As I studied him deeply when speaking to me in our first session together, I noticed that he was yawning frequently. He had dark bags under his eyes. During a pause in our conversation, I asked him about it:
Me: “Ben, you’ve been yawning a lot. Are you tired?”
Ben: “No. I’m not tired.” (instant response)
Me: “Are you getting enough sleep?”
Ben: “Yes.” (surprised look on his face)
Me: “How do you know?”
Ben: “I get 6 hours of sleep per night. That should be more than enough.” (confidently, with a hint of irritation)
Me: “I see.” (unconvinced)
Me: “Are you waking up without an alarm?”
Me: “Are you waking up feeling refreshed?”
Ben: “No … erm … actually most of the time I have to drag myself out of bed.”
Me: “Ben, it doesn’t sound like you’re getting enough sleep. You wake up feeling exhausted and you’re yawning in meetings. What’s this costing you? What’s this costing your shareholders?”
Ben looked at me like a deer in the headlights, and I could tell that he’d had an insight. He’d been convinced that the way to measure “enough sleep” was by hitting a specific number.
If the number matched “his program” then he’d check the box, move on and ignore all evidence to the contrary.
Essentially, he saw himself as a machine. In fact, as I later discovered, most of his problems, in his own mind, came down to a lack of discipline. If he could operate like a machine, then his problems would be solved.
Provide food (read: fuel) and six hours sleep (read: oil), then press the “high-performance” button and go.
Stories like, “six hours of sleep should be enough,” “no pain, no gain,” and “the world operates as a machine,” create our personal reality. But even if we feel we have plenty of evidence for the correctness of our story, and firmly believe our story is true, that doesn’t mean it’s universally true.
Our personal story tends to act as a self-fulfilling prophecy. This story creates a specific personal experience with evidence supporting itself, which in turn further solidifies the story. This is the proverbial box we all find ourselves in.
Our current paradigm (read: story) is largely materialistic and Newtonian-Cartesian in nature. It has been for hundreds of years. In this paradigm the world operates as a machine and on mechanistic principles.
Think car engine or computer program. When X happens, Y occurs. It’s linear cause and effect.
In this world reality is predetermined and predictable. Human beings as a result tend to feel like powerless victims or cogs in a wheel in a cold and mechanical universe.
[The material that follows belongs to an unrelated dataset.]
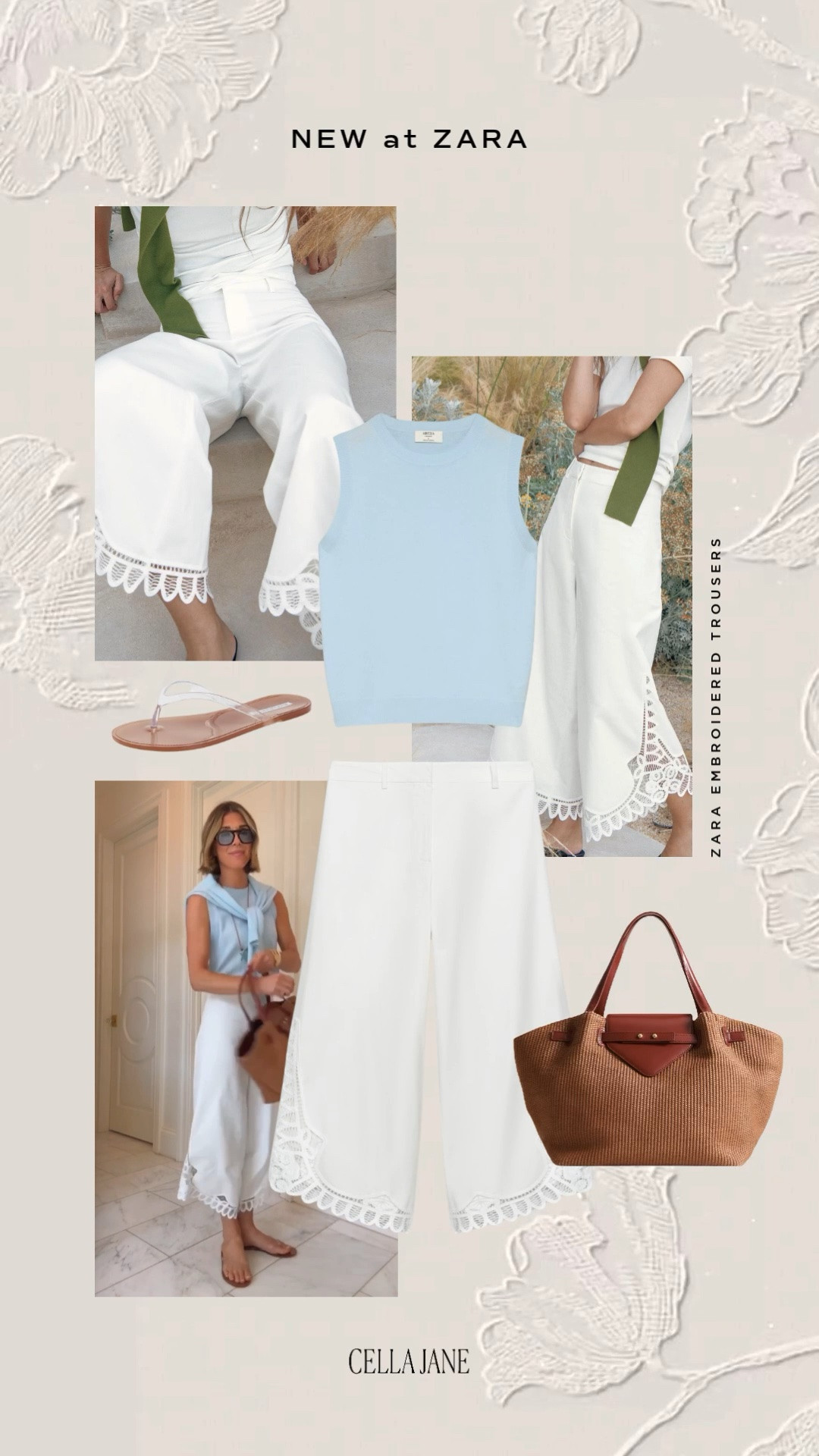 @Zara understood the assignment. 🤎 New arrivals styled, linked, and ready for summer-to-fall dressing. Which look is your favorite?

#LTKsummer #LTKdresses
That’s not an optimal paradigm for happiness and high-performance nor does it actually align with the facts when scrutinized more closely (for more on that I highly recommend reading “Why Materialism Is Baloney” by Dr. Bernardo Kastrup).
But you are not a machine. Life is not a machine.
As some of our greatest quantum physicists have shown, you are mindful matter living in a quantum universe.
And that means quantum leaps are possible.
“Most people see the world as a threatening place and, because they do, the world turns out, indeed, to be a threatening place.”